I listened with interest to your recent interview on Radio Gloucestershire and your explanation of the benefits that will arise from the development of the airport. I have already written to councillors in Tewksbury , Gloucester and Cheltenham , (see my blog)

Unfortunately, as I listen to your interview, I can not help but remember the story of King Canute as he tried to turn the tide back. However, I am not sure if I am King Canute trying to turn the tide of airport expansion, or if you are King Canute in pursuing a carbon intensive development against the overwhelming tide of scientific development and hoping that no bad will come your way.

You must by now be aware of climate change and surely you must be aware of the dangers that it poses to us all. If you are not I can explain. I am a maths lecturer and have looked deeply in the mathematics of it. I can assure you that we face a situation of unprecedented and unequivocal danger. The problem was further highlighted just this week with the report that the Southern Ocean is now fully saturated with CO2. If this does not make responsible and intelligent people stop and reconsider their positions, then we are genuinely doomed.

The problem that I have with your position, and the problem that deep down you must also have, is that you are trying to make your position on the expansion of your airport seem good by comparing your intentions with the "baddest boys in the class." Your position is a bit like saying that it is okay to rob the corner shop because it is small in relation to the great train robbery.

The weakness of your position is best illustrated with the points that you have raised in your web site and in your project summary.

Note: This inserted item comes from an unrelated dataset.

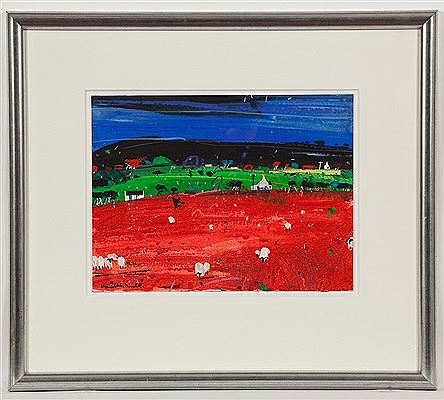 RED FIELD, SKYE by Hamish MacDonald - Auction record, sale price, and art valuation. Compare with similar artists and explore comparable artworks.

Your have said that “We (Gloucestershire airport) are committed to the UK aviation industry's Sustainable Aviation Strategy.” However, there is no clear definition and agreement on what a sustainable aviation strategy is. Given the science, the current level of aviation emissions is not sustainable, let along any further increase as planned. The aviation strategy also assumes growth in aviation. Growth in anything is not sustainable! Eventually you will always reach limits. Unfortunately the emerging evidence is that we have probably already breached these and that we may simply be living in the time lag period between causation and effect. Statements such as Sustainable Aviation are misnomers that are designed to spin the government out of difficult decisions. You should have the insight to see this.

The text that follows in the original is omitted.